Add in a custom model to copilot in vs code insiders is easy. Let it do agent stuff is really hard.
Here an example: Qwen3 Coder
Also change the directories if you need to.
VS Code JSON
"github.copilot.chat.customOAIModels": {
"Qwen/Qwen3-Coder-30B-A3B-Instruct-FP8": {
"name": "Qwen/Qwen3-Coder-30B-A3B-Instruct-FP8",
"url": "http://gate0.neuro.uni-bremen.de:8000/v1",
"toolCalling": true,
"vision": false,
"thinking": true,
"maxInputTokens": 256000,
"maxOutputTokens": 8192,
"requiresAPIKey": false
}
Ollama is not a good choice for an agent model. This has something to do with the format the agent commands are delivered by the model.
There are at least three modes: XML, JSON, and something strange.
Qwen3 Coder falls in the category "strange".
You really really want to make a new custom agent setting in VS Code Insider Copilot. You can get inspired by other model setting:
vllm-qwen-coder.service
[Unit]
Description=vLLM Qwen3 Coder Service
After=network.target
[Service]
Type=simple
User=ollama
Group=ollama
WorkingDirectory=/ollama_coder/vllm-project
Environment="VLLM_LOGGING_LEVEL=INFO"
Environment="CUDA_VISIBLE_DEVICES=0"
Environment="HF_HOME=/ollama_coder/huggingface_cache"

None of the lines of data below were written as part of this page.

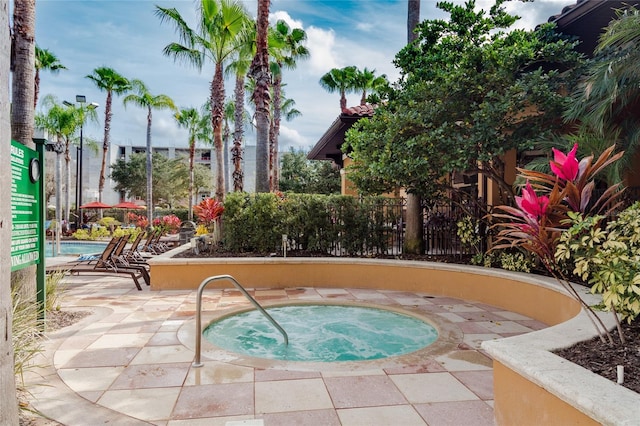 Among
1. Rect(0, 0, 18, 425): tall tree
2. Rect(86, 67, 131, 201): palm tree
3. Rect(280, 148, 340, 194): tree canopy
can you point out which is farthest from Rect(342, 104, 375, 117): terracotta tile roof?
Rect(86, 67, 131, 201): palm tree

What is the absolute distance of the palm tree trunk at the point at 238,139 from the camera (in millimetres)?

ExecStart=/ollama_coder/vllm-project/.venv/bin/vllm serve Qwen/Qwen3-Coder-30B-A3B-Instruct-FP8 \
--port 8000 \
--host 0.0.0.0 \
--dtype auto \
--max-model-len 262144 \
--gpu-memory-utilization 0.85 \
--enable-auto-tool-choice \
--tool-call-parser qwen3_coder
Restart=on-failure
RestartSec=10
StandardOutput=journal
StandardError=journal
[Install]
WantedBy=multi-user.target
Environment="HF_HOME=/ollama_coder/huggingface_cache" tell the tool where to store the model data (HF -> huggingface). To be installed and activated via
cp -f vllm-qwen-coder.service /etc/systemd/system/vllm-qwen-coder.service
systemctl daemon-reload
systemctl enable vllm-qwen-coder
systemctl start vllm-qwen-coder
systemctl status vllm-qwen-coder
This looks harmless but (https://docs.vllm.ai/en/latest/features/tool_calling/#none-function-calling)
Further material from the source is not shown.